Buying a cheap horse or getting one for free is the easy part, but that is just the beginning. Horses can live for a really long time and cost you thousands of dollars over the years. You need to take into consideration the ongoing costs and responsibilities of owning a horse.
After you get the horse, you will have ongoing costs of hay, grain, vitamins, and worming along with farrier care every six to eight weeks. The other thing that horses need is dental work which should be done yearly at the least.
If you don't have a place to keep your horse you will have to board them and that can be very expensive. If keeping your horse at home you will need adequate shelter because if left outside they could develop rain rot from damp conditions or high humidity.
Vet bills are another thing to take into consideration as the horse could develop a major illness or have an accident. Vet bills can cost you several hundred to thousands of dollars.
Another thing to take into consideration is are you going to have the time to commit to the horse? Horses require a lot of time for feeding, grooming, exercising and cleaning the stall and this does not include training or riding them. What about the tack needed for riding? If you get proper fitting tack this can cost you more than the purchase price of your cheap or free horse.
If the horse is not trained and you are an inexperienced owner you will need to find a professional trainer to get your horse going in the right direction. Don't try to train one yourself if you do not have the experience as training can be very dangerous. Most behavior problems are caused by inexperienced owners.

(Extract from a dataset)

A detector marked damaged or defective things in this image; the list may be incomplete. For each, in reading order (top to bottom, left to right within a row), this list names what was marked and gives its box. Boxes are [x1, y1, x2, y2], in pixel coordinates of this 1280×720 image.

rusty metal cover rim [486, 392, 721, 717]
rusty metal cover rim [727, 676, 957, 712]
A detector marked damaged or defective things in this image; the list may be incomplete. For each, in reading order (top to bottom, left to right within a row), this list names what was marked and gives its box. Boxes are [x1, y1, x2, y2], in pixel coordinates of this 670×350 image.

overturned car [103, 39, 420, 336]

I've seen it time and time again where people get a cheap or free horse and think they can train it themselves. When the horse develops behavior problems such as biting, bucking, kicking, or bolting because of lack of knowledge from the previous or current owner, then they will do one of the following. The current owner will either send the horse to a trainer, leave them in the pasture, but most often they sell them.
Keep in mind that where knowledge ends abuse usually begins.

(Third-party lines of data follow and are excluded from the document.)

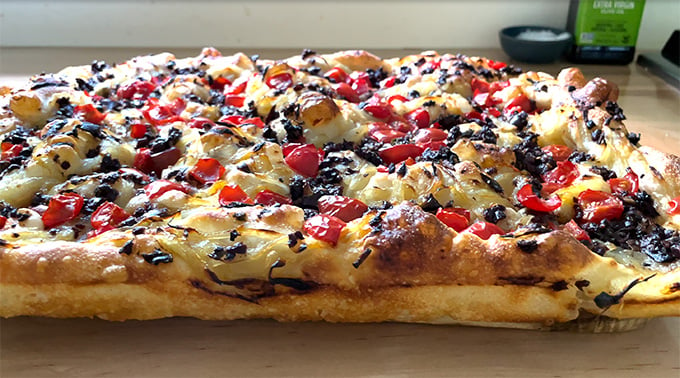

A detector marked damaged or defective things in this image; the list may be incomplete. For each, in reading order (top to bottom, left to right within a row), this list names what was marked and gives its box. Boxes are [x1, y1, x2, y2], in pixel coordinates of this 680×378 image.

charred topping [484, 205, 504, 223]
charred topping [350, 248, 372, 268]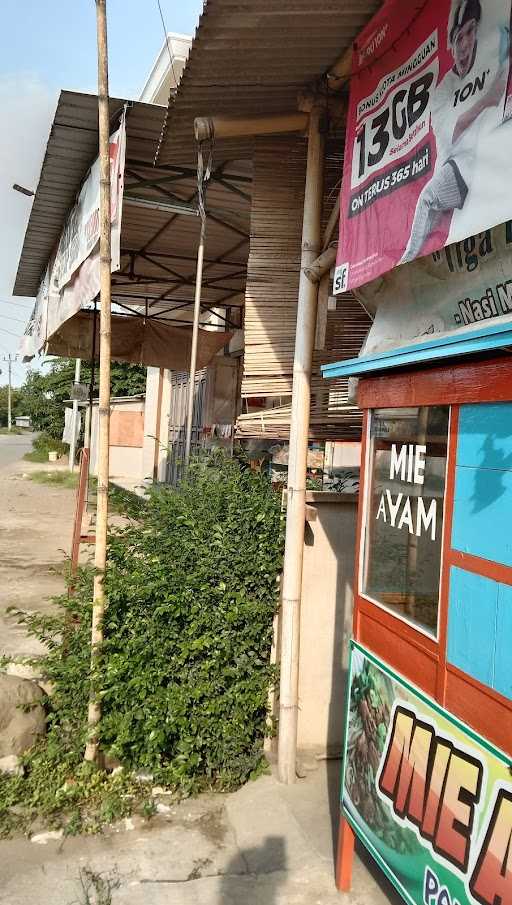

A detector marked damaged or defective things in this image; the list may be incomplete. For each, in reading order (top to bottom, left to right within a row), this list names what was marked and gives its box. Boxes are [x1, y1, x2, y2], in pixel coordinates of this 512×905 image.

rusty corrugated roof sheet [158, 0, 378, 166]
rusty corrugated roof sheet [13, 92, 166, 298]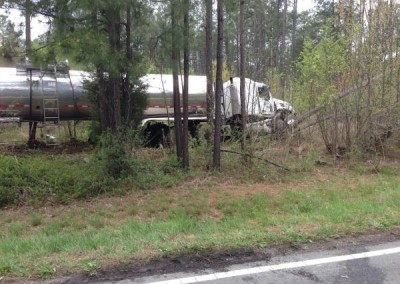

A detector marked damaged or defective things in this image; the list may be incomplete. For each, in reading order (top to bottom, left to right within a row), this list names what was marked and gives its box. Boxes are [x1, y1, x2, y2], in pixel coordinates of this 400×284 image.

crashed tanker truck [0, 65, 294, 142]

If they decide to send the horse to a trainer they don't want to invest much into training because after all this was a cheap or free horse and they want the behavior problem fixed in 30 days or less.
So many times people think that buying a cheap horse is better than investing thousands of dollars for one that is trained, safe and well-mannered. Before you make the decision, to get one for free or buy a cheap horse from an action or get one from a rescue consider leasing. Leasing can save you a lot of time and money. Take lessons too as this will be a great investment and you will thank yourself for doing so.